Tão zangados andamos nos dias de hoje. Compreende-se: primeiro o sonho de uma grandeza; a de ontem. Depois o embate com uma pequenez; a de hoje. E assim destilamos tudo: destilamos em remorsos e destila cada português achando que é melhor do que Portugal.
Aquilo que nos deixam, em confronto com aquilo que nos sonhamos, enfim.
E o que nos deixam é que nos amarremos à fatalidade da Europa instituição, não da Europa espaço cultural, que dessa também somos, mas a esta centrípeta Europa dita União. Desta nunca fomos, desta sempre fugimos para que continuássemos a existir.
Estamos na Europa-instituição por fatais razões quantitativas. E estamos nessa Europa sem que essa Europa esteja em nós. Porque a Europa dita União foi criada para resolver problemas que nunca foram os nossos: problemas com raízes que são históricas, problemas com raízes que são geográficas. Problemas que começam no século VI. Problemas que vão de Espanha à Hungria. Enfim: as questões históricas dos Impérios continentais e de seus eternos confrontos. Problemas dessa mesma Europa que tão metaforizada está na opção napoleónica: vender a Louisiana para combater no continente. Desistir do além para fincar pé no aquém.

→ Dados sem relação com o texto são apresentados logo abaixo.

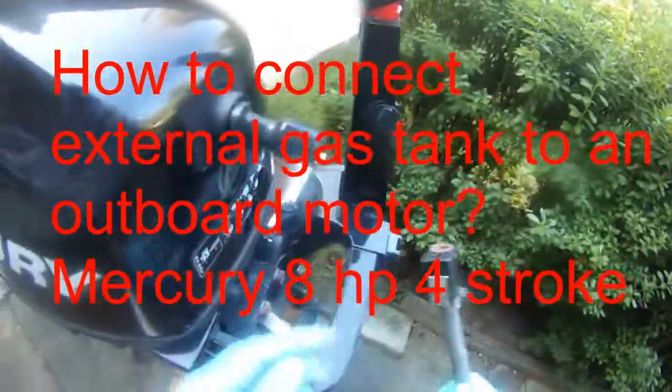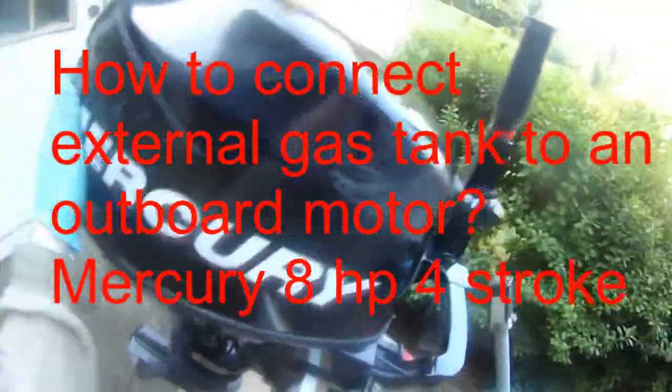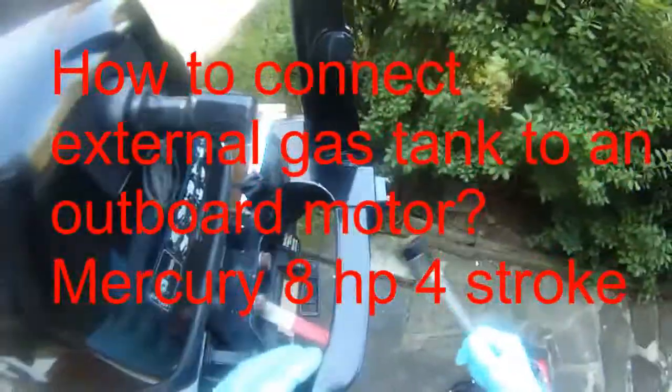I'm going to start my 8 horsepower Mercury Cycles Outboard.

Foi para resolver as questões desta Europa continental que a Europa-União surgiu.
Acontece, porém, que Portugal sempre fugiu a ser ator desse palco. É certo que momentos houve em que nos forçaram a participar da tragédia. Mas sempre que tal nos aconteceu: afundamo-nos em armadas que se diziam invencíveis.

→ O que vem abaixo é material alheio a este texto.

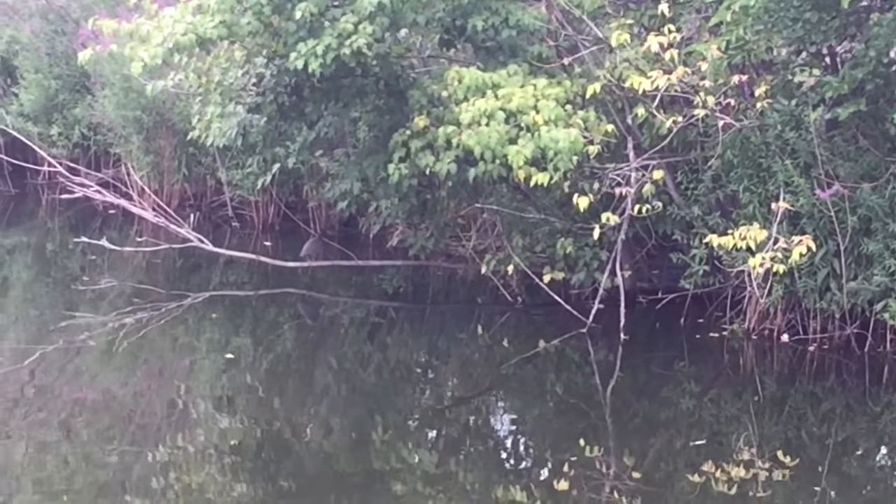Just one after another. Fish on — last fishy. I think I'm all done here for today. Lots of little panfish — great little spot for little guys. We'll let this guy go and we'll move on. Pretty little guy.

Se continentais fôssemos, já portugueses não seriamos. Se continentais fôssemos: de nós só reminiscência restaria, tal qual um desses reinos que hoje mais não são do que heráldica no escudo Bourbon.
Talvez seja essa a razão do nosso desconforto. Estamos desconfortáveis porque intuímos esta desadequação. Para um lado: aquilo que sentimos que somos. Para o outro lado: aquilo para onde nos obrigam a caminhar. E obrigam-nos sem que aqueles que nos obrigam se emocionem com a causa: “tem de ser”, dizem-nos, “tem de ser porque não temos dimensão”, “tem de ser porque a economia é global”, “tem de ser porque não temos viabilidade”, “tem de ser por causa da dívida que está em euros”, “tem de ser para que não nos fustiguem os mercados”… Não há quem aguente tanto “ter de ser”!
Esforçamo-nos para tentar vestir esta pele que nos espartilha. E assim espartilhados: ficamos entre a impossível dimensão dum passado que foi nosso e a realidade duma Europa criada para resolver problemas dum passado que foi o de outros.
E espartilhados que estamos: o discurso fica desolador. Perdemos toda a nossa energia a tentar dimensão épica no comezinho: mais um ponto ou menos um ponto num deficit e Aquiles matou Heitor. Sim ou não a um comboio e Ulisses fugiu à terrível Calipso. Uma tranche conseguida à Troika e o herói chegou a Ítaca. “Não somos a Grécia” e o cavalo entrou em Tróia… E enfim: quando ficamos com uma terrível sensação de vazio: temos os recorrentes debates: tão estéreis quanto serôdios: a bendita regionalização e outros que tais. Acrescente-se uma mão cheia de estrangeirados de pendor anglo-saxónico. São estrangeirados como convém aos estrangeirados : uma minoria: uma elite que adora a sua pequena expressão quantitativa compensada pela desproporcionada vénia institucional. Dizem benchmark em vez de exemplo e dizem goals em vez de objetivos.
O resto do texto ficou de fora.